VW has launched this programme to help counteract the perception that having your van serviced by a franchised dealer is expensive and to stop customers drifting away to independent dealerships as their vehicles get older. So says head of aftersales, Stephen Bateson.
It should also help operators predict their light commercial operating costs between now and 2012 more accurately as well as ensuring that they actually have their vehicles maintained. “We’re expecting a 40 per cent or thereabouts take-up of these plans,” Bateson says.
Yet while initiatives like this have to be applauded, the customer must clearly understand what the programme does and does not cover before he signs up. If he does not, then the scope for disputes and disappointment is endless. “We’re aware of this risk, so dealer sales people are expected to go through the plan with the customer literally line-by-line,” says Bateson.
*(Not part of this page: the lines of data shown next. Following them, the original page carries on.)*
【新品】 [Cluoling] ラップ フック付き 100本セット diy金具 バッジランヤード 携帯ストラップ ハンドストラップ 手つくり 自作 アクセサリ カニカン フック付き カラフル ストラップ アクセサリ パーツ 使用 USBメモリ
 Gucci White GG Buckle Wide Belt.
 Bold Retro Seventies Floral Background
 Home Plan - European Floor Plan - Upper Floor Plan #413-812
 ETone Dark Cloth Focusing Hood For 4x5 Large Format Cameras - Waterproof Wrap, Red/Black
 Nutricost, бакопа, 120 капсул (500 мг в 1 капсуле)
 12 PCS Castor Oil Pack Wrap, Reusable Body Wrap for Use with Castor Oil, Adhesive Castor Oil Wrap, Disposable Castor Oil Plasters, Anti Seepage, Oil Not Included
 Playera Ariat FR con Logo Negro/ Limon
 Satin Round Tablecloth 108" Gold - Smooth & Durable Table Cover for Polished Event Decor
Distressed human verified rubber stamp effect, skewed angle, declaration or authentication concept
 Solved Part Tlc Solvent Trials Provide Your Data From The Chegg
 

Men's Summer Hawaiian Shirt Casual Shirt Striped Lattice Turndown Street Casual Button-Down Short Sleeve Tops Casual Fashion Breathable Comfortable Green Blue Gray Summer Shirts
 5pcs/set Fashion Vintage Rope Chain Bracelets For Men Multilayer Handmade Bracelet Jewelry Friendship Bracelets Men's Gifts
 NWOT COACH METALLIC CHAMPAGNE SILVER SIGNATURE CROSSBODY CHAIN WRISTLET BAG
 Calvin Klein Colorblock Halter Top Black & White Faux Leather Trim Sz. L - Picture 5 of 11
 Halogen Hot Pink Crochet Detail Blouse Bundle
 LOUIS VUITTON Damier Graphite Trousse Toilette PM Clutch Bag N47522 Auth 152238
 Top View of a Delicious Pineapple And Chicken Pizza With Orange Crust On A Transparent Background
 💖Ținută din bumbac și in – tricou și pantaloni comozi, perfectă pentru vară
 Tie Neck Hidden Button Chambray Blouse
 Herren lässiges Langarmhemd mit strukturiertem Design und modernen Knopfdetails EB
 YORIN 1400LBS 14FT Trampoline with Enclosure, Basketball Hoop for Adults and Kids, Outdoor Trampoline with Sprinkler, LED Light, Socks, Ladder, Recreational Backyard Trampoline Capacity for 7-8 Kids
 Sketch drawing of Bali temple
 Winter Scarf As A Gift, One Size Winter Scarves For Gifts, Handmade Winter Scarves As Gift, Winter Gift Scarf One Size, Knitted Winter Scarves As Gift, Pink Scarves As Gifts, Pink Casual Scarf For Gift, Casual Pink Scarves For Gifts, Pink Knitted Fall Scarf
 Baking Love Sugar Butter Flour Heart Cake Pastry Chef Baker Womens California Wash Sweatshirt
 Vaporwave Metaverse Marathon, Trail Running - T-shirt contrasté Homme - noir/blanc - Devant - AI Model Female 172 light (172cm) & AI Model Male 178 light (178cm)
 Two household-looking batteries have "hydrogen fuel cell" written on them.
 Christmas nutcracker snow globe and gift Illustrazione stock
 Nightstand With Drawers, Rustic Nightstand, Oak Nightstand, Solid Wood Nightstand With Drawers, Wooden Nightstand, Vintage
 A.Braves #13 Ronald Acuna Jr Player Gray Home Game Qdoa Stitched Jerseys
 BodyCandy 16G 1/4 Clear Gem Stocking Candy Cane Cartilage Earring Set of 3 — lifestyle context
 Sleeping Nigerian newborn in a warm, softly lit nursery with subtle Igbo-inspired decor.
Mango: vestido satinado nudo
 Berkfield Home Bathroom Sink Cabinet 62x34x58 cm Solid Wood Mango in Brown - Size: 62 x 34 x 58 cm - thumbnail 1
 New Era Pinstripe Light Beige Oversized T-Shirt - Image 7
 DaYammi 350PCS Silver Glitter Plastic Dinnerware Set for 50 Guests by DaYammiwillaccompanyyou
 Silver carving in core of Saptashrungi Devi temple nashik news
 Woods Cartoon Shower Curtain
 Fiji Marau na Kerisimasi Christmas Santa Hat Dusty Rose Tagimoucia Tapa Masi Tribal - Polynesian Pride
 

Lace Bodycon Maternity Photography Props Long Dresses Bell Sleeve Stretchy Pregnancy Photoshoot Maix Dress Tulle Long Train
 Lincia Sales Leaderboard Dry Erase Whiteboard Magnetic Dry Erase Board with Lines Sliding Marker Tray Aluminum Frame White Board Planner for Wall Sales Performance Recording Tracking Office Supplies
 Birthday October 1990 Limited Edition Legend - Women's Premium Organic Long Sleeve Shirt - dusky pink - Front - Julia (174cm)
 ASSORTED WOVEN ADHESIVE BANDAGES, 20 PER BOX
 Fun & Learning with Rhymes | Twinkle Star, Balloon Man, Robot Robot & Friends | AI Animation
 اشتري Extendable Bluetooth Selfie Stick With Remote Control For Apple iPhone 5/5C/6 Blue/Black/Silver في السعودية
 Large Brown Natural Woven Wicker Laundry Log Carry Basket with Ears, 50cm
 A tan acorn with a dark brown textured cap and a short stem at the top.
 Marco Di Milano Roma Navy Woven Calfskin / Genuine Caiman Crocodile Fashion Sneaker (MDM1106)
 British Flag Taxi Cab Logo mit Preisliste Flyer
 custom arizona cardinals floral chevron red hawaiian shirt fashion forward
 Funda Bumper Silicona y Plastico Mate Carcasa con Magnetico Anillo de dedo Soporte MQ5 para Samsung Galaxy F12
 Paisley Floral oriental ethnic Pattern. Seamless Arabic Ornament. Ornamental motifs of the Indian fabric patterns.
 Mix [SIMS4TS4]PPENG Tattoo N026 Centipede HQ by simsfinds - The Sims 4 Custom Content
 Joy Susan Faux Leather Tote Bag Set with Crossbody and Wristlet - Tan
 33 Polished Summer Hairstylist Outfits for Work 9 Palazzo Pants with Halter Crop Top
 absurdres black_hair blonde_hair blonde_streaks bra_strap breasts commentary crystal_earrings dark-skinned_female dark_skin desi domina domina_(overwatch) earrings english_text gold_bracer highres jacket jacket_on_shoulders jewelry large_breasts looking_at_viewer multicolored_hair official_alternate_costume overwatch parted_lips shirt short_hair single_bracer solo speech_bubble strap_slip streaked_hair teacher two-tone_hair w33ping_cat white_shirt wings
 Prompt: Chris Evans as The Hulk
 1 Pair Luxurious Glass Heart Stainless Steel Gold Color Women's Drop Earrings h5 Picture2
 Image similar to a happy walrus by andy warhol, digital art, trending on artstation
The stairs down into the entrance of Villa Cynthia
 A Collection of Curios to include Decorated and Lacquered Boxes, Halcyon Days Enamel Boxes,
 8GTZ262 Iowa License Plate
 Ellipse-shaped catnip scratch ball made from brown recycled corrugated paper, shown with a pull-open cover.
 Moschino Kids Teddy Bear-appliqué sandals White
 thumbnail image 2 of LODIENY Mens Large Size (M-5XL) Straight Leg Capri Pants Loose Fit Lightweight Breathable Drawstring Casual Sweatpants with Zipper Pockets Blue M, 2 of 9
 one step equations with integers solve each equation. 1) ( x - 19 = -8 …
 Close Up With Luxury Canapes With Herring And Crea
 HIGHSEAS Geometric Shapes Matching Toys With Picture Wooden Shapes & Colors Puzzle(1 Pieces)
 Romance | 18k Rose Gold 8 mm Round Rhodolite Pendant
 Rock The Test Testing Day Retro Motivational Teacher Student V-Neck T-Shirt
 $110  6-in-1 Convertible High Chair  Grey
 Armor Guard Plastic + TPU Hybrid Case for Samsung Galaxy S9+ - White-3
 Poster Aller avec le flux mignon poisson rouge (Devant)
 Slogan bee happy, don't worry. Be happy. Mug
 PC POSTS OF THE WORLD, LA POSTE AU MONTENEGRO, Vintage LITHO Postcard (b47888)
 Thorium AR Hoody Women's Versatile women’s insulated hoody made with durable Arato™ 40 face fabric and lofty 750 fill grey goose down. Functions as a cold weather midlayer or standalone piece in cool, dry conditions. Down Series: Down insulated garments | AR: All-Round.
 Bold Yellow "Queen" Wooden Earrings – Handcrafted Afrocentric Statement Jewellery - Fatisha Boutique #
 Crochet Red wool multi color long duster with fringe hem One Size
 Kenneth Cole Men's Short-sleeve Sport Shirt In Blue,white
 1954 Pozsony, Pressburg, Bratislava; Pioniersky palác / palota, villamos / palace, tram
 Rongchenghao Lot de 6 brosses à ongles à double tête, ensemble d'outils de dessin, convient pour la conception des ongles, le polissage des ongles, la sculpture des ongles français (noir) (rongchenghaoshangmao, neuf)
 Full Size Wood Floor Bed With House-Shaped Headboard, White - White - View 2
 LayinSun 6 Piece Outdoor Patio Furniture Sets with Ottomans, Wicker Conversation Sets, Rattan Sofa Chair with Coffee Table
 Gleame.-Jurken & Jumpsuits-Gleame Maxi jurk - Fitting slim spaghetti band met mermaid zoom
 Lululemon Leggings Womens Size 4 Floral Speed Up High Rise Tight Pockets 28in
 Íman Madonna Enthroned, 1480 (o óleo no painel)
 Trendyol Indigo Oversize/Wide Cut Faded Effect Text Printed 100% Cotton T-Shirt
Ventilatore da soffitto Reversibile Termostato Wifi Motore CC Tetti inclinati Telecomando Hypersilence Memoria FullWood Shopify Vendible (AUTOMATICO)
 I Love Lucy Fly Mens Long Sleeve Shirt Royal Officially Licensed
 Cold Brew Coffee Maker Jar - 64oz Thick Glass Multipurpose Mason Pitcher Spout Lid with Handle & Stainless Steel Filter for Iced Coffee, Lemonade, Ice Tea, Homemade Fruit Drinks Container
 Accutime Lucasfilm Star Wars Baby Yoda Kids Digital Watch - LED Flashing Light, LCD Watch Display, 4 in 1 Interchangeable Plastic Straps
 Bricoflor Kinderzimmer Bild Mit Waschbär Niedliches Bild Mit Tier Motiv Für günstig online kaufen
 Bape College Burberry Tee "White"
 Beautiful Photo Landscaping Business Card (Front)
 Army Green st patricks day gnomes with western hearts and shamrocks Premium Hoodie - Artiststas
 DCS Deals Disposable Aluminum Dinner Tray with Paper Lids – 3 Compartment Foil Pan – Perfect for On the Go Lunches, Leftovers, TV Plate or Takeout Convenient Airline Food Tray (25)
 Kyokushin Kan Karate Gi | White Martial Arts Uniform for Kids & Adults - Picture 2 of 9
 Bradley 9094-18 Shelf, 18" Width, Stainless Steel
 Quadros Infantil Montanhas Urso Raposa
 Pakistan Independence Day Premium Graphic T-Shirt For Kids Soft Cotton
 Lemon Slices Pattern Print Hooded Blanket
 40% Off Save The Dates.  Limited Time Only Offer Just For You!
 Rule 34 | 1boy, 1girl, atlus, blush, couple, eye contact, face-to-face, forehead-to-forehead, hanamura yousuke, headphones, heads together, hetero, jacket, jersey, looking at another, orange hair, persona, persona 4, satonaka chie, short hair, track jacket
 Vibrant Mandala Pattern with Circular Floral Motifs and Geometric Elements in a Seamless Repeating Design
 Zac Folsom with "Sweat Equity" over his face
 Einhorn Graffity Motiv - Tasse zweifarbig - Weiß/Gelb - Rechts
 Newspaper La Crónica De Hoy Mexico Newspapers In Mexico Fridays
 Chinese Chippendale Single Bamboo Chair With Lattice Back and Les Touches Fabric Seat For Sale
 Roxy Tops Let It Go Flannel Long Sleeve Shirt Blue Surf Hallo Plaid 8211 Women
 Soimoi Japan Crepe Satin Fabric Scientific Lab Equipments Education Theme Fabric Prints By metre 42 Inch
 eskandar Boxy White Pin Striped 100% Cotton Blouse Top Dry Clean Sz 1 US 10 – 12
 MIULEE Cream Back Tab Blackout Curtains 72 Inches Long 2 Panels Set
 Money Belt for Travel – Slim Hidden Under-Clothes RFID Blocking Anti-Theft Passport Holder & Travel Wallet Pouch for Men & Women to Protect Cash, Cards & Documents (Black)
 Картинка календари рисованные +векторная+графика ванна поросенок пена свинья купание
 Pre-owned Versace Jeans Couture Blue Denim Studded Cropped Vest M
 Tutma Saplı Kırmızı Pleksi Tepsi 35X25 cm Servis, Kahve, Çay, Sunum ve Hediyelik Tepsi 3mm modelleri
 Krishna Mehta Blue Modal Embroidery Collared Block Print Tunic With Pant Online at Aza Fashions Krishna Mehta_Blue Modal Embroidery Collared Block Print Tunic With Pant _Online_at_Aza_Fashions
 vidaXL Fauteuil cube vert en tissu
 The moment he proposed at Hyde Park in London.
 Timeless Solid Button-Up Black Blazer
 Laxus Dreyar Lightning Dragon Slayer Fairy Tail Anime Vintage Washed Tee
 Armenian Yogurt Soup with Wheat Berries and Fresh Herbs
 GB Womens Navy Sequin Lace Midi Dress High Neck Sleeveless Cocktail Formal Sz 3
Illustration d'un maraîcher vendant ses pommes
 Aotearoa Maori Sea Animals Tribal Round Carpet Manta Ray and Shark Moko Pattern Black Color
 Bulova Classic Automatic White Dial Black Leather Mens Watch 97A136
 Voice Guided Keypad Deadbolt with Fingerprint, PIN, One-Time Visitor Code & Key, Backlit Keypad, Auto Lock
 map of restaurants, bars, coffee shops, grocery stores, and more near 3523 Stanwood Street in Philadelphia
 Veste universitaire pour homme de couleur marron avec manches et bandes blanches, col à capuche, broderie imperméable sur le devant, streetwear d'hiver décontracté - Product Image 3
As it happens VW’s record on service retention is quite good. “About one-third of customers with vans that are four to six years old continue to have them maintained by our network,” he says.
VW is by no means the only manufacturer to offer fixed-cost servicing. Vauxhall has launched a highly-comprehensive service and maintenance scheme that includes a replacement clutch and exhaust plus replacement brake discs, brake pads, dampers and four tyres if required. With a three year/60,000 mile limit from the date of the vehicle’s first registration it costs £32.99 a month for Corsavans, Astravans and Combos and £39.99 a month for Vivaros and Movanos.
Something else that’s available through Vauxhall dealers is MoT test insurance. A £75 premium covers a van’s owner against up to £750 of repair work should it fail its MoT. There are a few exclusions, the key one being that the vehicle must be no more than eight years old and have covered no more than 80,000 miles.
Fixed-cost servicing plans underline the fact that light commercials have become a lot more reliable over the past 30 years and require a lot less looking after. If this were not the case, then manufacturers could not offer such programmes without making a thumping loss.
The aftersales service provided by dealers has improved over the past 30 years too, even though it could of course be argued that better product reliability and extended service intervals makes such support less essential than it was in the late 1970s.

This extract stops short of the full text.